Winner of the 2020 Jordan Schnitzer Book Award in Social Science, Anthropology, and Folklore Honorable Mention, 2021 Saul Viener Book Prize
The Jews’ Indian investigates the history of American Jewish relationships with Native Americans, both in the realm of cultural imagination and in face-to-face encounters. These two groups’ exchanges were numerous and diverse, proving at times harmonious when Jews’ and Natives people’s economic and social interests aligned, but discordant and fraught at other times. American Jews could be as exploitative of Native cultural, social, and political issues as other American settlers, and historian David Koffman argues that these interactions both unsettle and historicize the often triumphant consensus history of American Jewish life. Focusing on the ways Jewish class mobility and civic belonging were wrapped up in the dynamics of power and myth making that so severely impacted Native Americans, this books is provocative and timely, the first history to critically analyze Jewish participation in, and Jews’ grappling with the legacies of Native American history and the colonial project upon which America rests.

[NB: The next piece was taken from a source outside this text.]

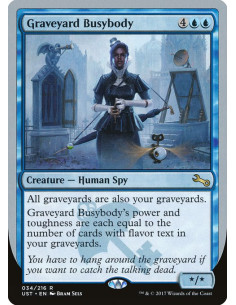 Graveyard Busybody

It took me awhile to get into this academic book, but it started to come alive for me in the discussion of the 20th c advocacy work, which is of real interest to me. Was also fascinated to learn about the Jews leading role in trading posts and curios business. I found the early chapters hard to follow, as examples jumped around chronologically, and it gave me the impression, as a nonexpert, of possibly cherry picking cases to buttress the author's point. All in all, I enjoyed the book, but in no way an easy read.